大相撲は「お国自慢」の文化――琴奨菊の優勝を日本人として喜ぶ

 栃木、宮城、滋賀、石川、茨城、熊本、福岡、島根、岐阜……これは、初代横綱明石志賀之助以来、歴代横綱の出身地を順に並べたものだ(重複は除く)。

 徳川幕府の時代、江戸や浪花の大都会で人気を博した大相撲興行は、地方の国々出身の力士たちの活躍によって盛んになった。

 いや、神代の昔に出雲出身の野見宿禰(のみのすくね)が、大和(都)の当麻蹴速(たいまのけはや)を破って以来、大相撲は地方出身の力自慢が都で活躍する姿を、同じく地方から都へ出てきた同郷者たちが「お国自慢」として贔屓し、応援するなかで発展したと言える。

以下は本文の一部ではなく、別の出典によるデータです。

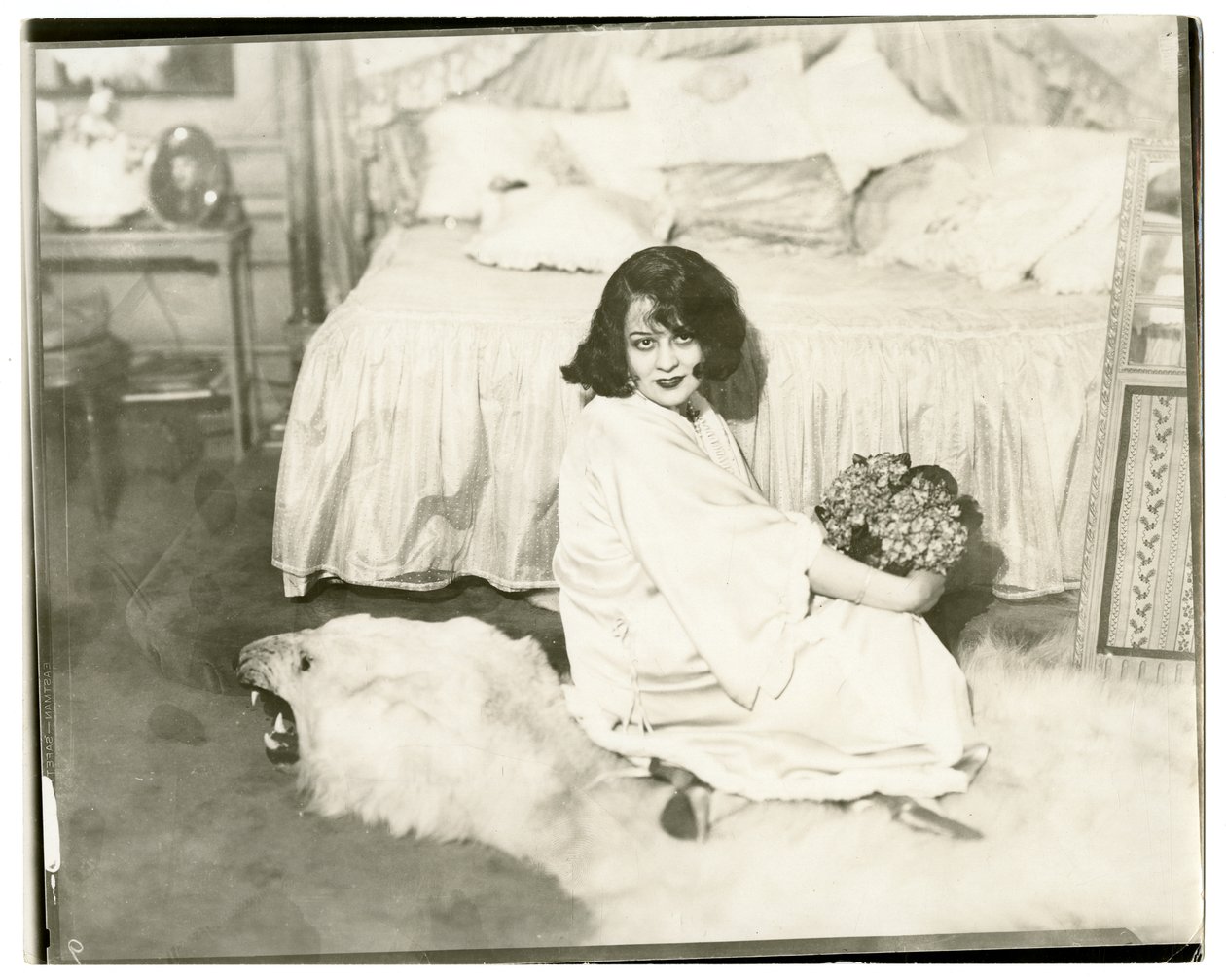 Lenore Ulric, ca. 1915-28 von Jessie Tarbox Beals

 従って江戸時代とは格段に交通が発達した21世紀の今日は、都(都会)には世界中から力自慢の大男たちが集まるようになり、ハワイ、東サモア、モンゴルなどの出身力士が横綱になり、エストニア、ブルガリアなどの出身力士も優勝賜杯を握るようになった。航空網によって地球が狭くなったのだから、それらは当然の結果と言うべきだろう。

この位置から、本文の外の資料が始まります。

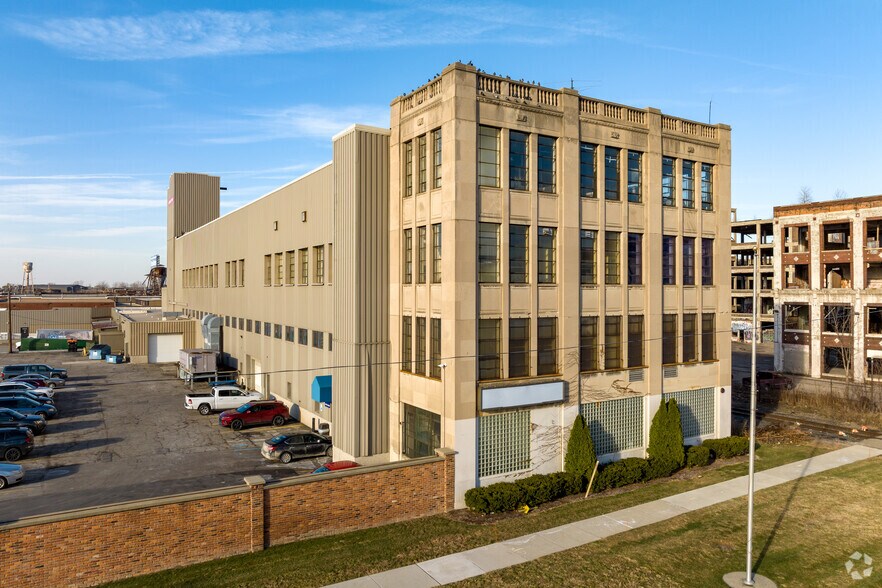 1600-1634 E Grand Blvd, Detroit, MI à vendre - Photo du bâtiment - Image 2 de 9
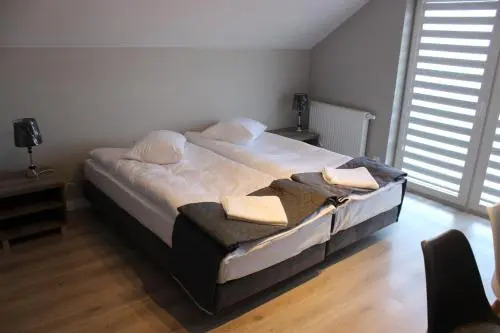 Hotel Pod Strzechą
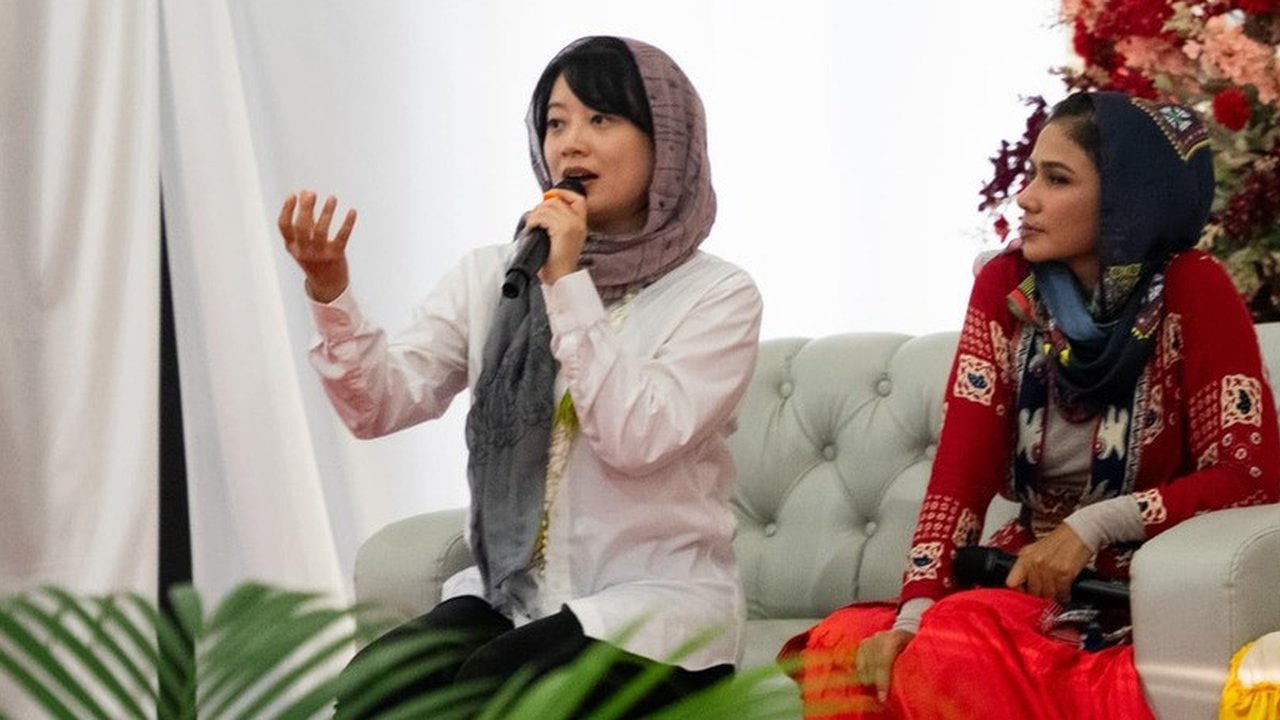 Selain sneak peek acara yang bermanfaat tersebut, penampilan Leony selama berada di Aceh turut menarik perhatian publik.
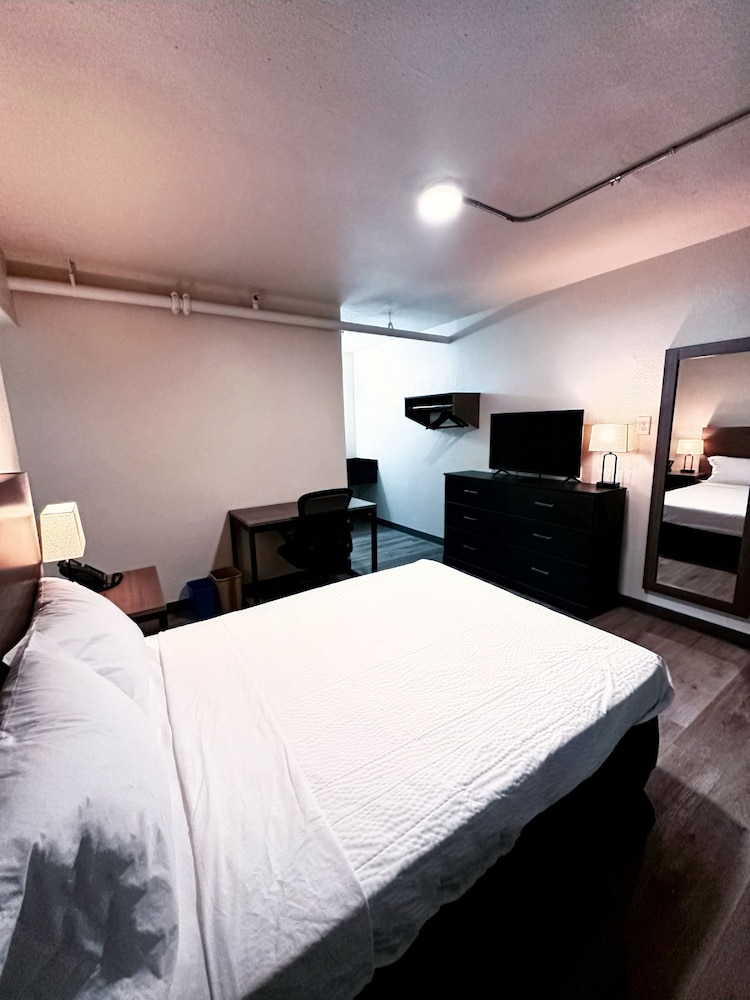 Studio City Suites, A Travelodge By Wyndham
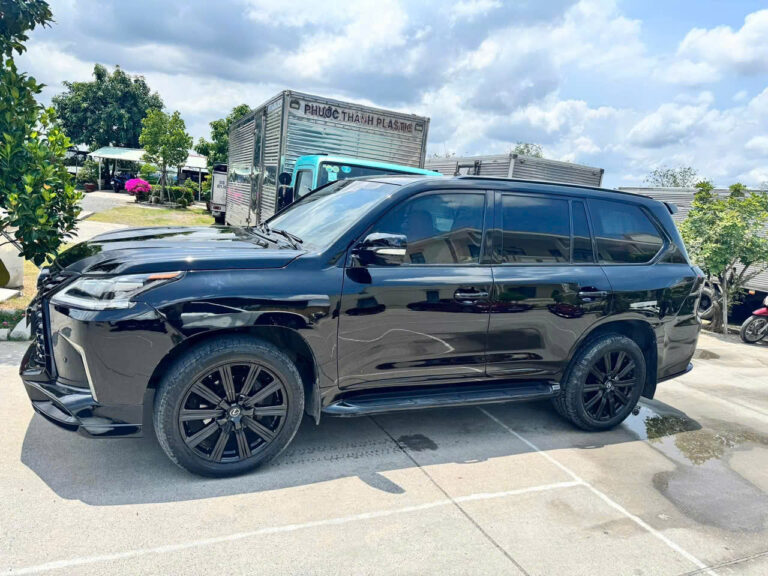 Dịch Vụ Cho Thuê Xe Lexus Lx570 Cao Cấp tại TP.HCM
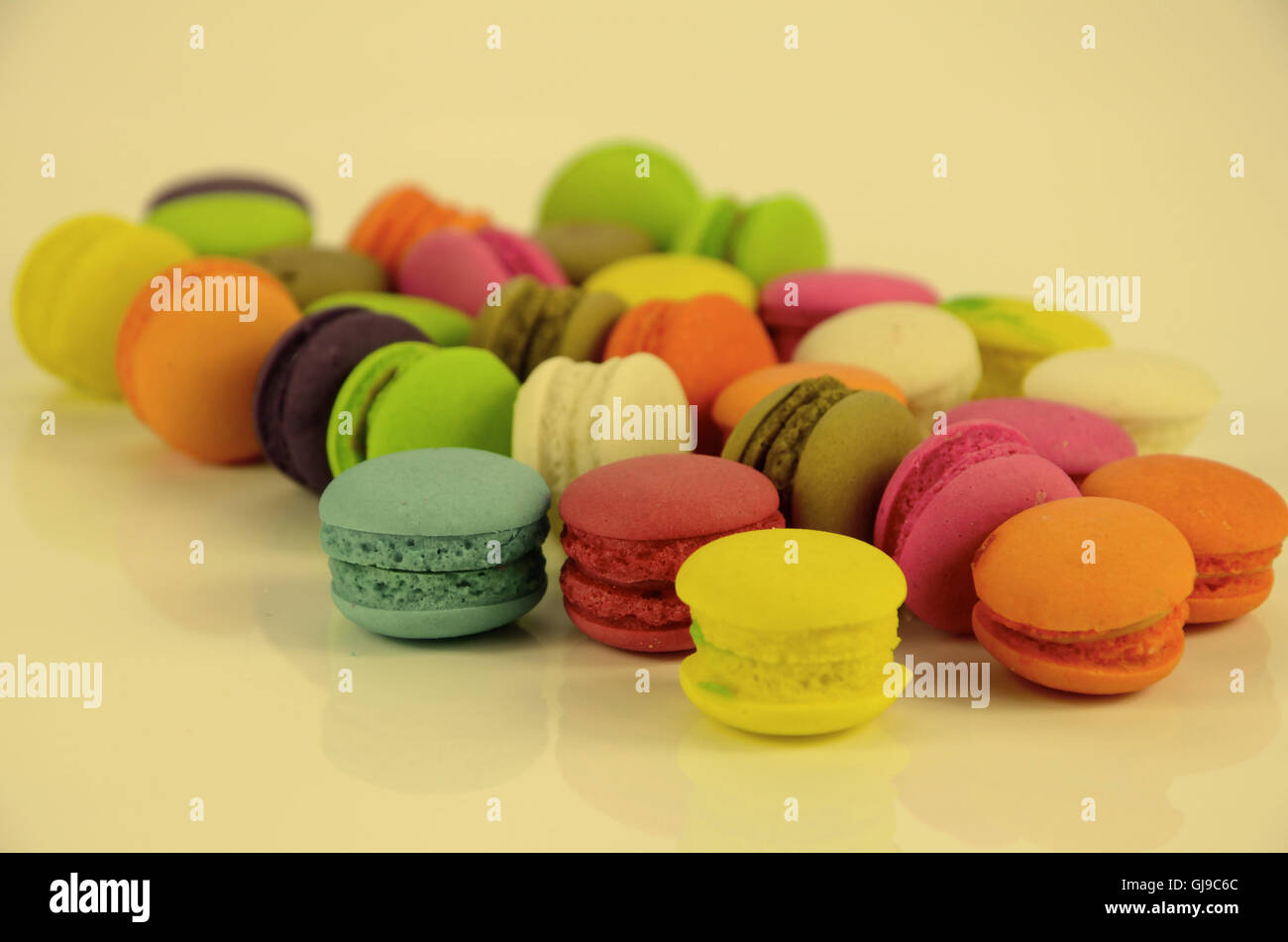 Macarons colorés réchauffement avec filtre de couleur. Banque D'Images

 彼ら「外(と)つ国」(都から遠く離れた国)からやって来た力士たちも都の大相撲のしきたりに従い、大銀杏を結い、まわしを締め、土俵の上で四股を踏み、大地を踏み固め、五穀豊穣を祈願する。あるいは羽織袴を身に付け、夏は鯔背(いなせ)に浴衣を纏(まと)い、大和言葉(日本語)を話し、大きな手形を押した色紙に、毛筆で墨痕(ぼっこん)鮮(あざや)やかに四股名を書く。

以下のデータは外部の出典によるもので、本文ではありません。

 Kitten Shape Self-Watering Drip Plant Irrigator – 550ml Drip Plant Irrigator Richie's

 そんな日本文化の継承者たちを、外国人呼ばわりするのは笑止千万。ましてやTシャツ姿でジーパンを履いた若者がハンバーガーやフライドポテトを口にしながら、最近は外国人横綱ばかり……などと嘆くのも本末転倒。もともと大相撲とは、地方(外つ国)の出身者が都で活躍する姿を、同郷の出身者が都で応援するという文化だったのだ。

 ……と、ここまで理解したうえで、初場所の琴奨菊の大活躍、日本出身力士十年ぶりの優勝を喜びたい。それは私も日本出身者であり、日本人だから、という以外に理由はない。狭くなった地球上で、日本という地域に暮らす相撲ファンとして、同郷者の活躍は、やはり嬉しいものだ。

 大正6(1917)年に史上初の浪花出身の横綱大錦が誕生したときや、昭和24(1949)年に初めて江戸っ子横綱東富士が生まれたときも、大阪や東京の都会で生まれ育った相撲ファンは大喜びしたという。それと同じ気持ちだ。もちろん琴奨菊と同じ筑紫の国(福岡県)に住む人々や出身者は、喜びも一入(ひとしお)だろう。

 都市(都)には多くの異質な人々が集まり、その人々の共通の話題となる文化が生まれる。大相撲もオリンピックも、そのような必要性のなかから生まれた都市の文化と言えるのだ。